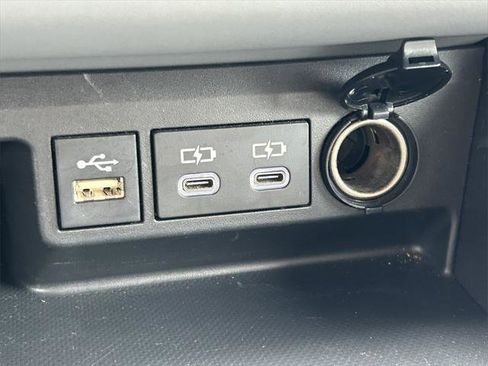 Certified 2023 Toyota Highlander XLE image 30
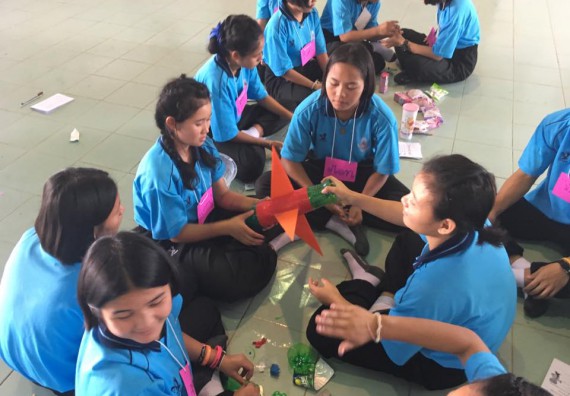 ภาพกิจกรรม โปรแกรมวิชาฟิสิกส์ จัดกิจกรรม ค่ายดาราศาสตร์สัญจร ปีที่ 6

□ □ □ □

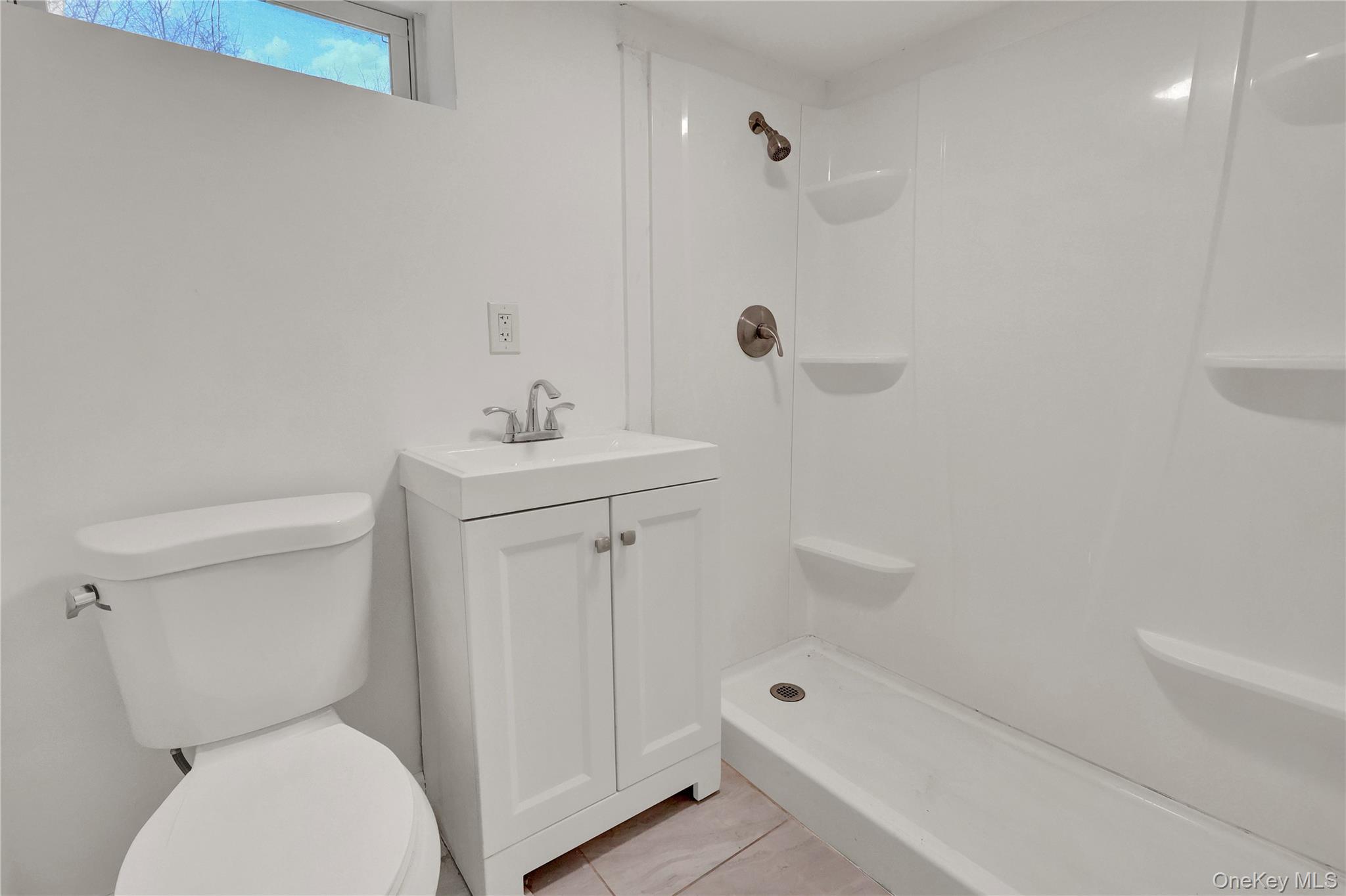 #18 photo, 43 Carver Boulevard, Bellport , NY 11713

□ □ □ □

• **EXERCISE AIM**: Exactly the lines above from the one that contains "Certified 2023 Toyota" down to the one that contains "ภาพกิจกรรม โปรแกรมวิชาฟิสิกส์ จัดกิจกรรม" are to be output, both ends kept and pictures omitted.

• **FINAL ANSWER**:
 Certified 2023 Toyota Highlander XLE image 30
 ภาพกิจกรรม โปรแกรมวิชาฟิสิกส์ จัดกิจกรรม ค่ายดาราศาสตร์สัญจร ปีที่ 6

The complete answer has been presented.